Method	How it Works (technical)	Explanation	Recovery Efficiency	Pros	Cons/Challenges
Hydrochloric Acid (HCl) Leaching + Oxalate Precipitation	Magnets are dissolved in hydrochloric acid to release rare earth elements, which are then selectively precipitated out using oxalate chemistry	Dissolve the magnet in acid, then pull the valuable metals back out as a solid.	~93% (highest)	High recovery rate; good separation from iron; well-understood chemistry	Uses strong acids; generates chemical waste; environmental handling required
Sulfuric Acid (H₂SO₄) Leaching	Similar to HCl method, but uses sulfuric acid to dissolve materials, followed by recovery steps	Use a different acid to break down the magnet and try to extract the metals.	~73% (lower)	Established industrial chemical; widely available	Less efficient; more impurities due to co-precipitation; lower selectivity
Biosorption (EDTA-Functionalized Chitosan)	A biodegradable polymer (chitosan) modified with EDTA binds selectively to rare earth ions in solution	Use a sponge-like natural material that ‘grabs’ the valuable metals from liquid.	Not directly comparable (promising but early-stage)	Environmentally friendly; lower chemical impact; selective binding	Early-stage; scalability uncertain; slower process; less proven commercially

Key Findings: Efficiency vs Sustainability Trade-Off

The HCl method delivered the highest recovery (93%), yielding a concentrated mix of Nd (72%) and Pr (22%) with minimal iron contamination. The sulfuric acid route lagged (73%) due to co-precipitation losses. Meanwhile, the chitosan-EDTA method offered a lower-impact, environmentally friendlier option, though less mature for industrial use.
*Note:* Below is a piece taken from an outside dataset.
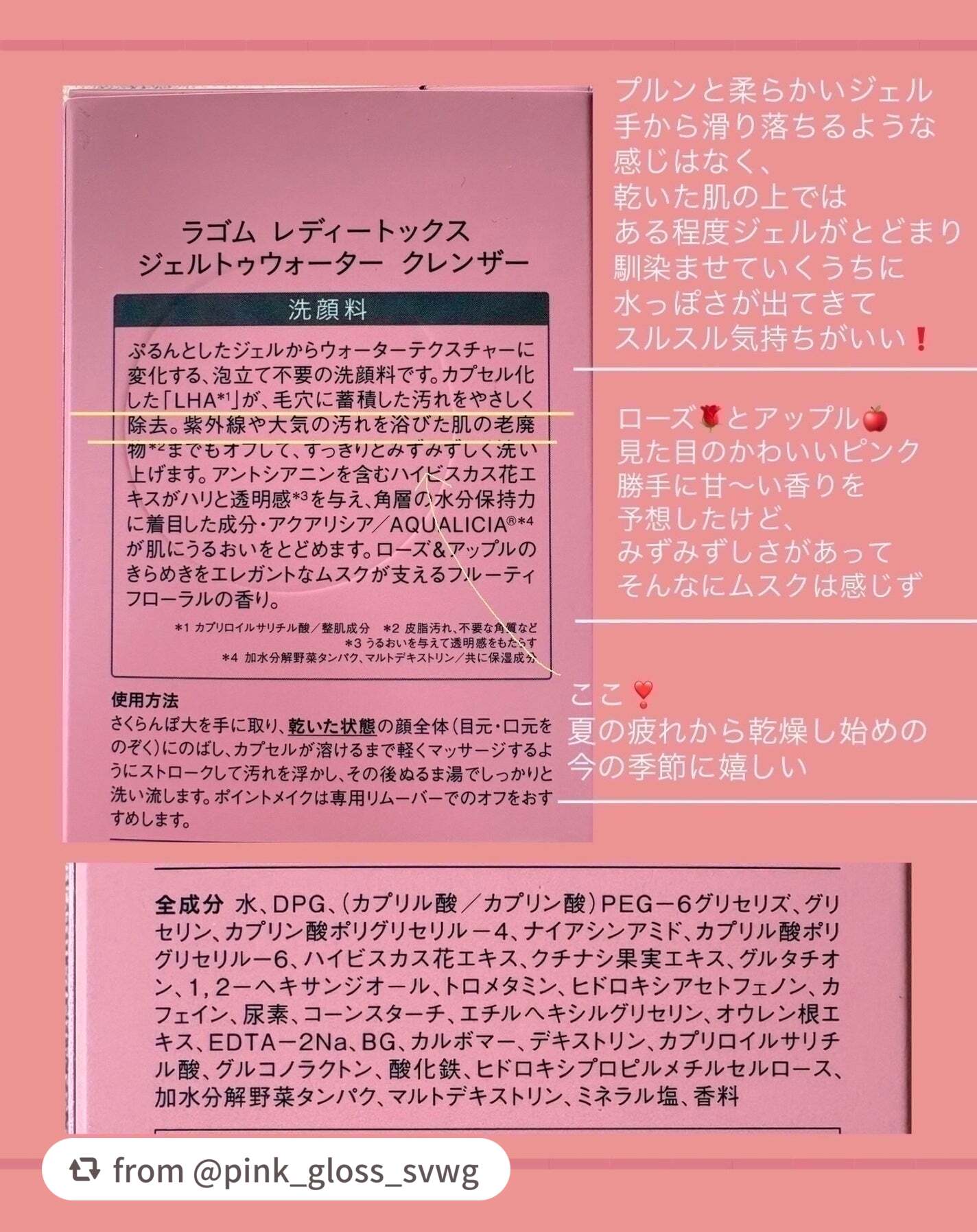 レディートックス ジェルトゥウォーター クレンザー(洗顔料)/LAGOM /洗顔フォームを使ったクチコミ(2枚目)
Implications: Recycling Gains Strategic Importance

This work reinforces a growing reality: urban mining—recovering rare earths from e-waste—could become a meaningful supplement to primary supply, especially for the West seeking to reduce reliance on Chinese-controlled refining. The ability to recover high-value magnet materials efficiently is critical as demand accelerates across EVs and defense systems.

Limitations: Lab Success ≠ Industrial Reality

The study remains laboratory-scale, with limited validation using real-world mixed e-waste streams. Chemical processing at scale raises cost, environmental, and regulatory challenges, particularly around acid handling and waste management. The biodegradable route, while promising, requires further optimization.

Bottom Line

Recycling rare earths from electronic waste is no longer theoretical—it is technically viable. But turning 93% recovery in the lab into scalable, economic supply chains remains the real test.

Citation: Abbas, M.D. et al. (2026). Comparative evaluation of recovery routes for neodymium and praseodymium from discarded hard disk drive magnets. Materials Letters.